■ **Problem statement**
The copy has to match the data exactly and leave out every picture.

*** Opening of Recorded data ***

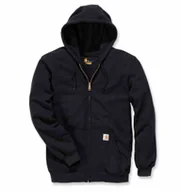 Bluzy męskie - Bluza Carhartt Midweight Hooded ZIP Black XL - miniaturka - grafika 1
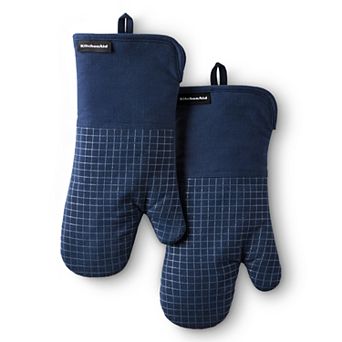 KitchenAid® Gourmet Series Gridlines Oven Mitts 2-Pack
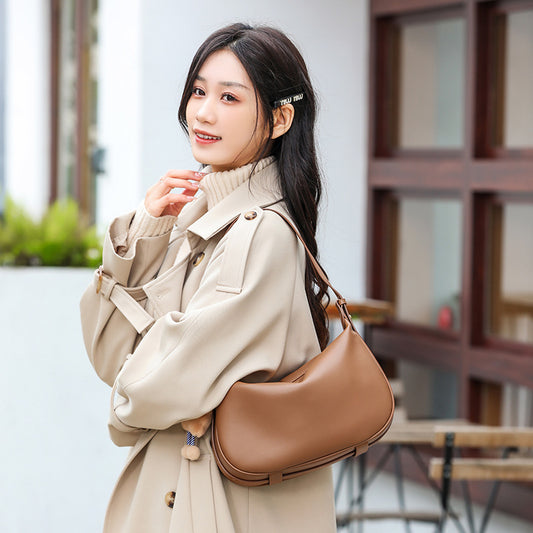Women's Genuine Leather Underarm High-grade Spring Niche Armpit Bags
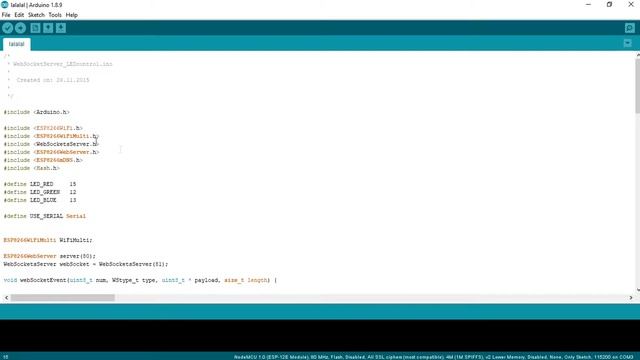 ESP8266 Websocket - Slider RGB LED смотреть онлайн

*** Close of Recorded data ***

■ **Expected output**
 Bluzy męskie - Bluza Carhartt Midweight Hooded ZIP Black XL - miniaturka - grafika 1
 KitchenAid® Gourmet Series Gridlines Oven Mitts 2-Pack
Women's Genuine Leather Underarm High-grade Spring Niche Armpit Bags
 ESP8266 Websocket - Slider RGB LED смотреть онлайн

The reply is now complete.